[Data entries]
○ ○ ○ ○ ○ ○ ○

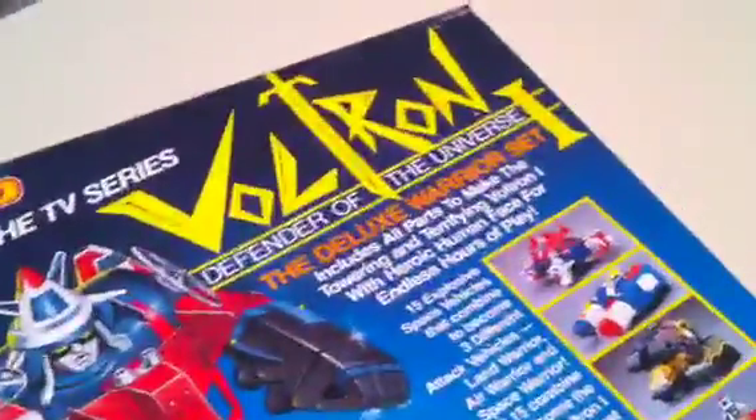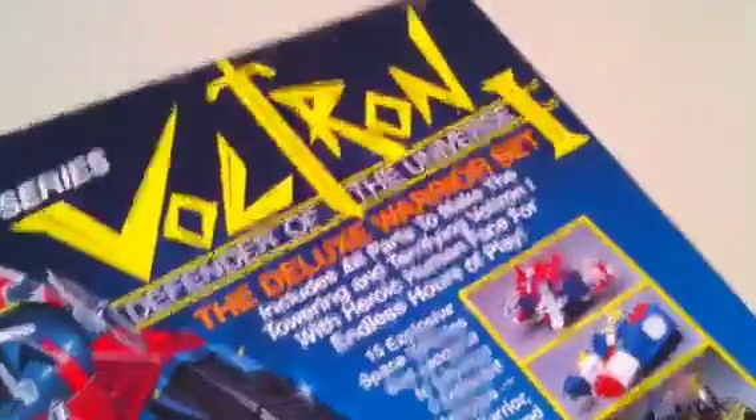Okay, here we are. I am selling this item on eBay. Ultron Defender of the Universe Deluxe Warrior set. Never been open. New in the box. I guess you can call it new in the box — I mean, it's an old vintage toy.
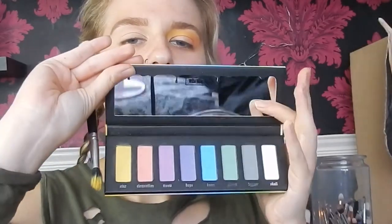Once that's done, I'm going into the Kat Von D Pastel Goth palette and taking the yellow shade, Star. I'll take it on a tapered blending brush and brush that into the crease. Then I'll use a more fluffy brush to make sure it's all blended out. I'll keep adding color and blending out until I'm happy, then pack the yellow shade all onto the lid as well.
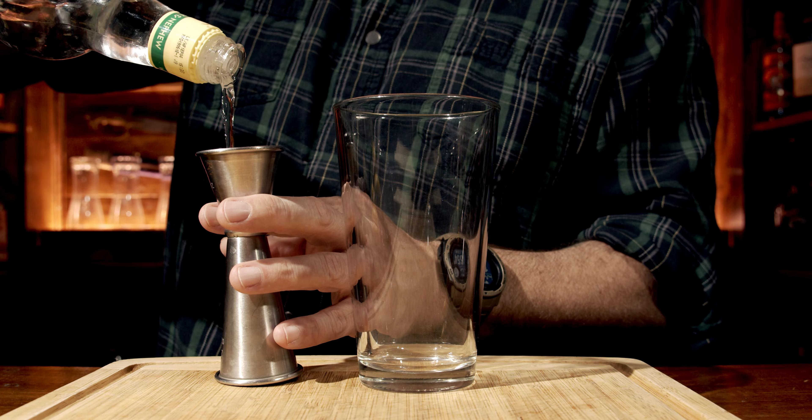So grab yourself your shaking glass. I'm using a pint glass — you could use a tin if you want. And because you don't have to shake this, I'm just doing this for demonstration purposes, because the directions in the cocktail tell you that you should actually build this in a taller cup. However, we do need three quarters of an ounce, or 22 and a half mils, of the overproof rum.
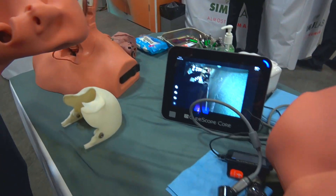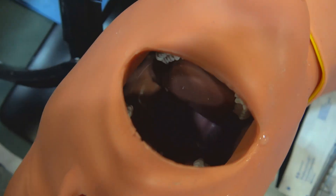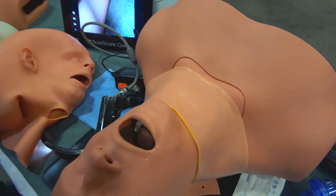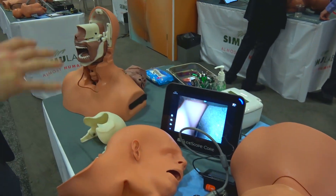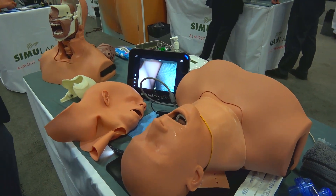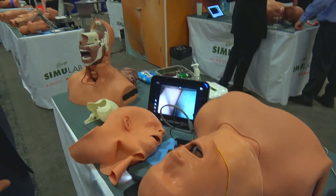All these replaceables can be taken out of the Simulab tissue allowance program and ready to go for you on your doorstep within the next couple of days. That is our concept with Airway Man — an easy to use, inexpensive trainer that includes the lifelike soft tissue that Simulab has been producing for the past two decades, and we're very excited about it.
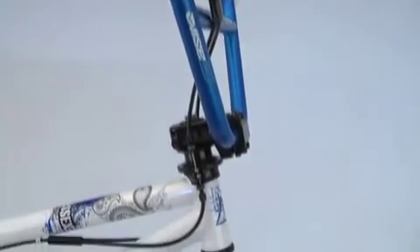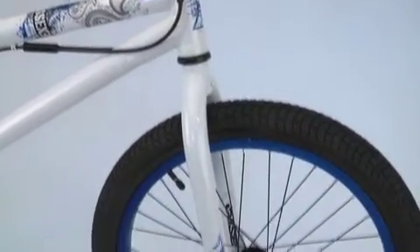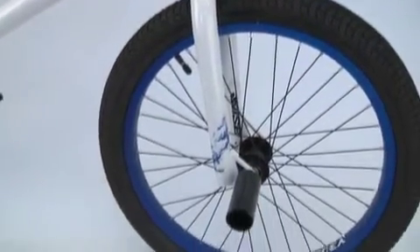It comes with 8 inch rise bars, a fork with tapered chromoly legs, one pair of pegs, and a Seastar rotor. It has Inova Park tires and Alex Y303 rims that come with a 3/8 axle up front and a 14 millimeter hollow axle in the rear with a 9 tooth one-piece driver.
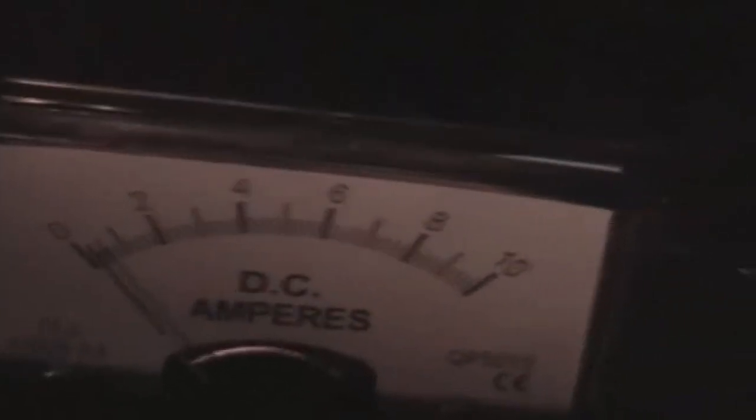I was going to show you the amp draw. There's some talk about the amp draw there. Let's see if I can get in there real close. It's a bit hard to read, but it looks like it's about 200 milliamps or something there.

○ ○ ○ ○ ○ ○ ○

◆ WHAT IS NEEDED ◆
Exact lines, nothing more: output the one with "Once that's done, I'm" and every later line through the end of the data, skipping pictures.

◆ COMPLETED TASK ◆
Once that's done, I'm going into the Kat Von D Pastel Goth palette and taking the yellow shade, Star. I'll take it on a tapered blending brush and brush that into the crease. Then I'll use a more fluffy brush to make sure it's all blended out. I'll keep adding color and blending out until I'm happy, then pack the yellow shade all onto the lid as well.
So grab yourself your shaking glass. I'm using a pint glass — you could use a tin if you want. And because you don't have to shake this, I'm just doing this for demonstration purposes, because the directions in the cocktail tell you that you should actually build this in a taller cup. However, we do need three quarters of an ounce, or 22 and a half mils, of the overproof rum.
All these replaceables can be taken out of the Simulab tissue allowance program and ready to go for you on your doorstep within the next couple of days. That is our concept with Airway Man — an easy to use, inexpensive trainer that includes the lifelike soft tissue that Simulab has been producing for the past two decades, and we're very excited about it.
It comes with 8 inch rise bars, a fork with tapered chromoly legs, one pair of pegs, and a Seastar rotor. It has Inova Park tires and Alex Y303 rims that come with a 3/8 axle up front and a 14 millimeter hollow axle in the rear with a 9 tooth one-piece driver.
I was going to show you the amp draw. There's some talk about the amp draw there. Let's see if I can get in there real close. It's a bit hard to read, but it looks like it's about 200 milliamps or something there.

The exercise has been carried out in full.